Yes, it's OK to monetize via data mining and both Google and Microsoft does it to improve the value of their Google Adwords vs Bing Ads. Ads with poor targetting is not of interest to advertisers. The users are made aware of the practice (the topic of this article) and if you dislike it, there are search services like DuckDuckGo. This is a major source of income for companies involved in search, where the profit is used to run other services or give you away services for free even if those sometimes don't have ads.

However, it is not up to privately owned organizations to perform criminal investigations on their own. This is why the police exists. Just report your suspicions, and fully cooperate with the police as they open the investigation. With the crime taking place on Microsoft's network, this should not be a complicated investigation to pull through with. But the reason it has to be done this way is to not have a legal team take the law in their own hands.

ambiance said,
Still not as bad as spying on an employee without a court order.

That guy wasnt a MS employee. If he was, then MS and any to her company hosting email has the right to view what their employees did. As it turned out, it was a former employee that MS spied on which needs a court order and evidently MS thought so to as they updated their policy right after.

I'd hoped to say touche instead of shaking my head to such a humourless bunch. What I should have said was neither Google nor Microsoft are innocent of questionable practices, so get off your high horse.

techbeck said,
As it turned out, it was a former employee that MS spied on
AFAIK he wasn't an ex-employee yet when the investigation was on, and was interviewed, admitted to his crime and was subsequently fired.

Scanning for malware is reasonable... but for advertising purposes and biased search results, that's still wrong and considered snooping. NO Thanks.... Nice try Google.

So you use DuckDuckGo? Bing also does this. The feature is often called "Personalized search" and the effect sometimes known as "the filter bubble".
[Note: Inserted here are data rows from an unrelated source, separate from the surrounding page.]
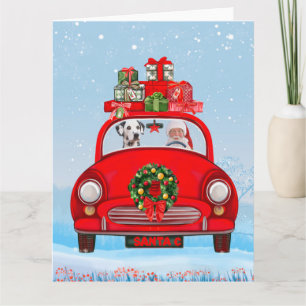 Dalmatian Dog In Car With Santa Claus  Card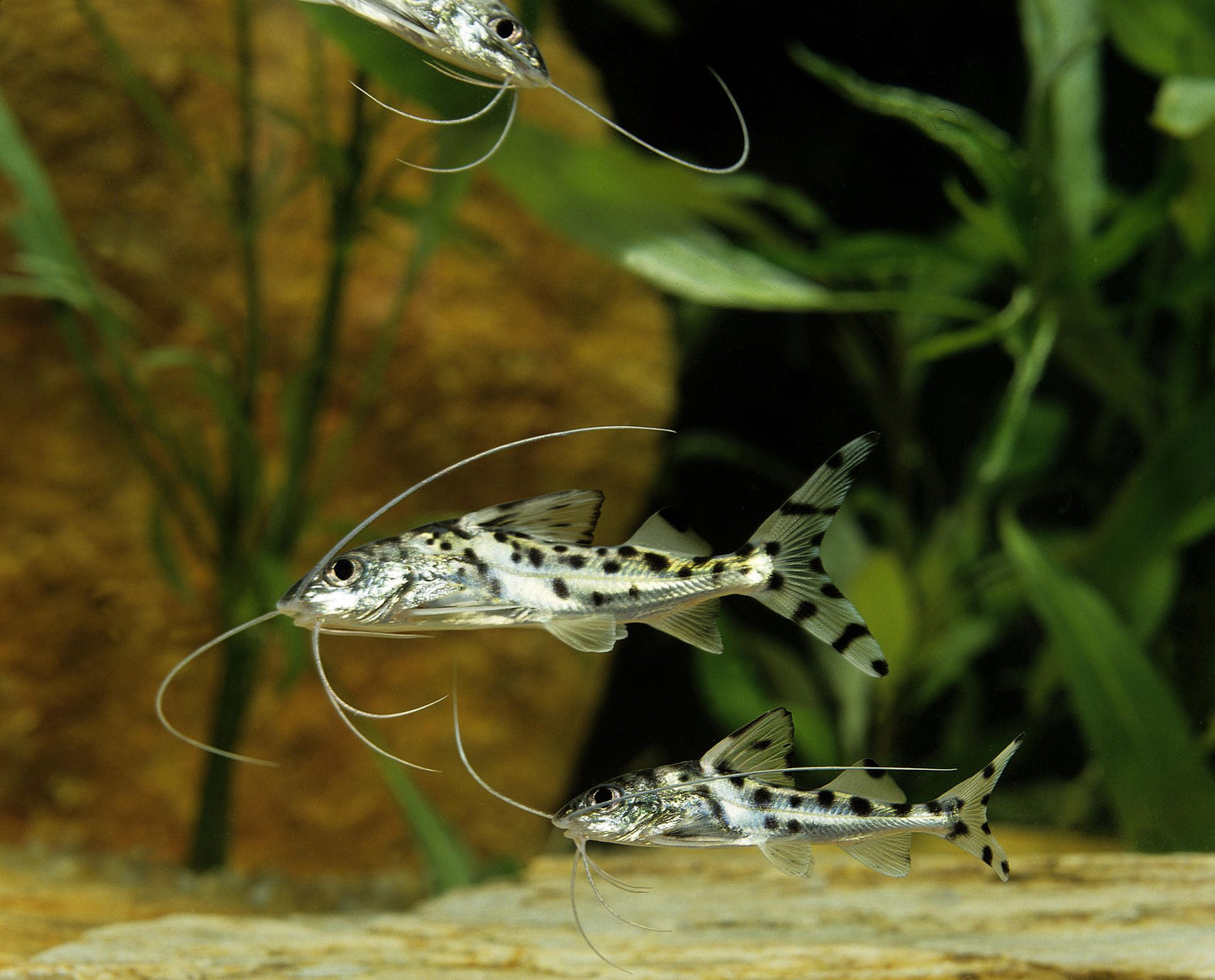 Poisson chat Pim Pictus - NageoireBleue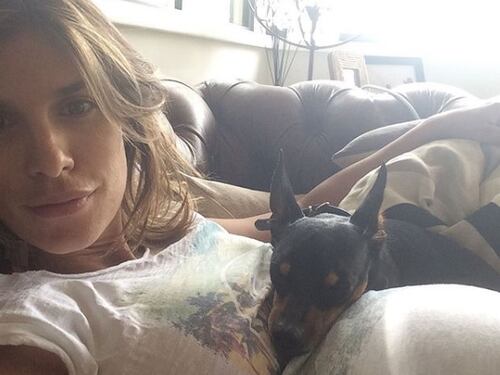 Elisabetta Canalis in pena per il suo cane, chiede aiuto ai fan per curarlo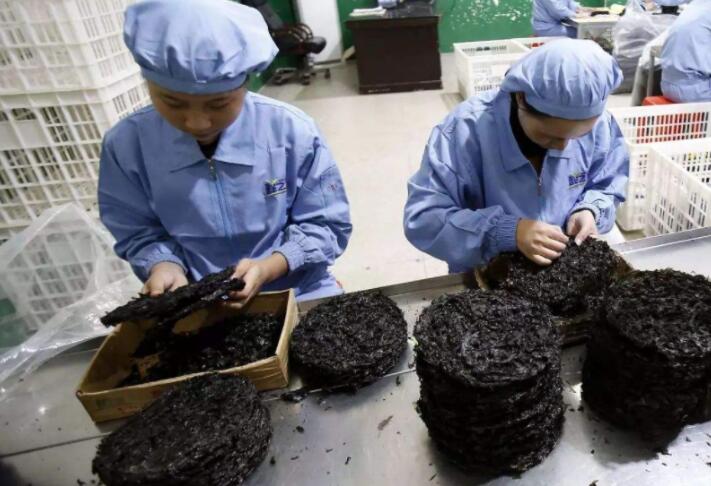 农村创业开店有什么补贴？农村创业开店项目分享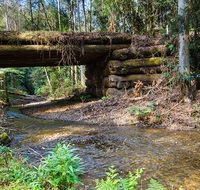 Myrtle Scrub scenic drive - Restaurant Gold Coast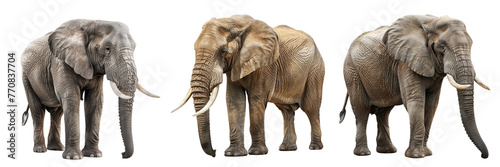 \ - A set of elephant isolated on transparent background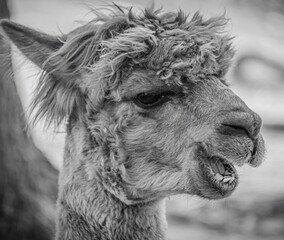 A lama with wild hair style © Xiao
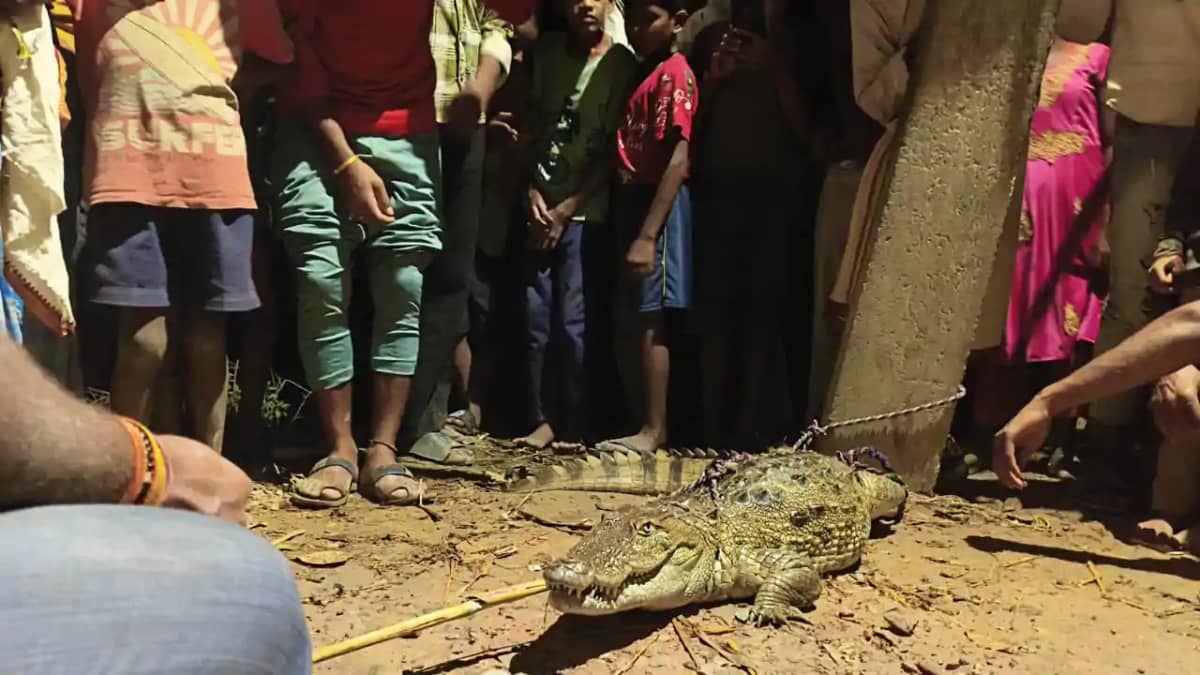 Bihar News : मोतीहारी में हिम्मत कर ग्रामीणों ने मगरमच्छ को Bihar News : मोतीहारी में हिम्मत कर ग्रामीणों ने मगरमच्छ को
http://en.wikipedia.org/wiki/Personalized_search
http://en.wikipedia.org/wiki/Filter_bubble

Why do they do this? The better targetted searches are made to get you to stay on their search engines for a longer time (improving the service quality by giving you what you're likely to look for -- this is kind of controversial though, but it's the way it is) which will help them sell more ads with per-click Google Adwords or Bing Ads. And in the end... THAT will give you you, among other things, 7 GB free on OneDrive or cheap Google Drive subscriptions that outclass Dropbox. And we sure don't complain about this, do we... *sigh*

Malware scanning doesn't scan text and store it in a database or on a server.


Edited by ians18, Apr 15 2014, 4:20am :

No, but all mail services do store the mails in a database or on a server. Any big mail provider scanning mails (and which doesn't these days?) would need to both scan and store.

Yes let's please get rid of anti-spam, and anti-malware scanning, so that when idiots complain Google and laugh and say "You wanted us to stop scanning your mail".